Yesterday we cleared out of Guymon and started on the road to Taos, New Mexico. The landscape was mostly flat high prairie, though we started seeing more and more ‘topography’ as we progressed. I was keen to go through mesa country, but apparently that occupies parts of north Texas, and doesn’t extend all the way to the Oklahoma panhandle :-/ We only saw one or two mountains that one might consider ‘mesas’:
Soon after we crossed into New Mexico, we visited Clayton Lake State Park. On the road there we saw a number of antelope grazing by the side of the road, but unfortunately I didn’t get any good pictures of them. At the park, situated in the middle of the high desert, they actually do have a lake - with fish. And on the spillway on the far side of the lake, they have dinosaur tracks – from 100 million years ago. Here’s one from a carnosaur:
Note the pointy bits at the front (made by claws). This print is maybe 26 inches long. On the same spillway, we encountered a remarkably cool and collected desert rabbit:
When we’d had enough of the rabbit and the dinosaur tracks, we got back in the car and hit the road again. In Springer, New Mexico, we had a nice lunch at the Brown Hotel & Café:
From there we drove west through Cimarron Canyon, which was spectacular, but I was on the phone most of the way through, and only got a few pictures:
This one doesn’t do the place justice, but what the hey. The landscape from here on was mountainous, and we had definitely left the plains behind. A short drive later, we arrived in Taos.

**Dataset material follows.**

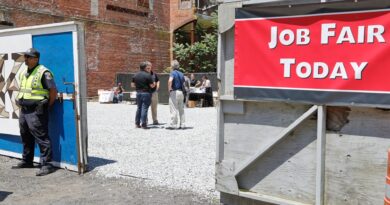 How Often Can You Change Jobs for More Money? The Rules of ‘Job-Hopping.’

Taos is a picturesque little town mostly built out of adobe. It boasts a large population of artists and other spiritual types, and that shows as soon as you drive through town. In Ireland, every other place is a pub, and in Madrid, every other place is a ham shop; in Taos, every other place is an art gallery.
First thing this morning, we drove up to Taos Pueblo, which is billed as the oldest continually-occupied community in the United States. People have lived there over 1,000 years. We took a very informative guided tour, and then spent a couple of hours walking around, looking in the various shops they have there, and buying a few things.

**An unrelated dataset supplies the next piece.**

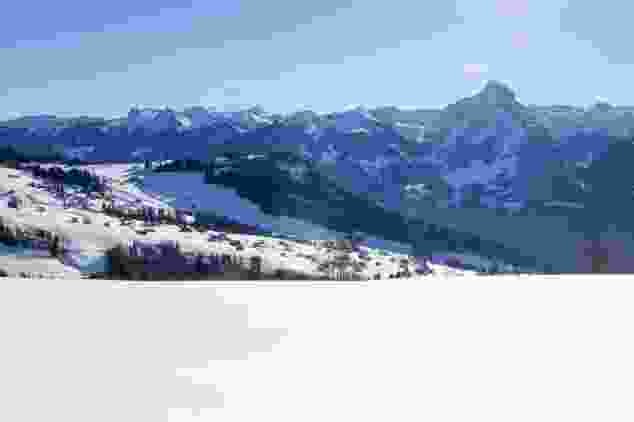 Von nun an besticht die Sicht auf die Streulandschaft von Amden und den schönen Mürtschenstock.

The newest building they have (other than ones that have been repaired/rebuilt) is the main church - a Catholic church called after St. Jerome, built in 1850:
The folks that live in the pueblo are called the Tiwa, which means ‘red willow’ in the local tongue. Most of the tribe lives on tribal lands adjacent to the pueblo, but some do live in the pueblo itself. There, they do not allow utilities like electricity, phone, etc., preferring to maintain traditional ways of life.
As the buildings stand now, there are doors and windows, but originally the occupants would go in and out through openings in the ceilings, accessed by roof ladders. You can still see some of the ladders sticking up:
Later this afternoon, we drove out to see Earthships, a community of dwellings made to be as environmentally benign and self-sufficient as possible. They use innovative techniques to get the most use out of all the water they have, and generate their own electricity from solar panels and windmills. Some of Amy’s college classmates helped build these almost twenty years ago.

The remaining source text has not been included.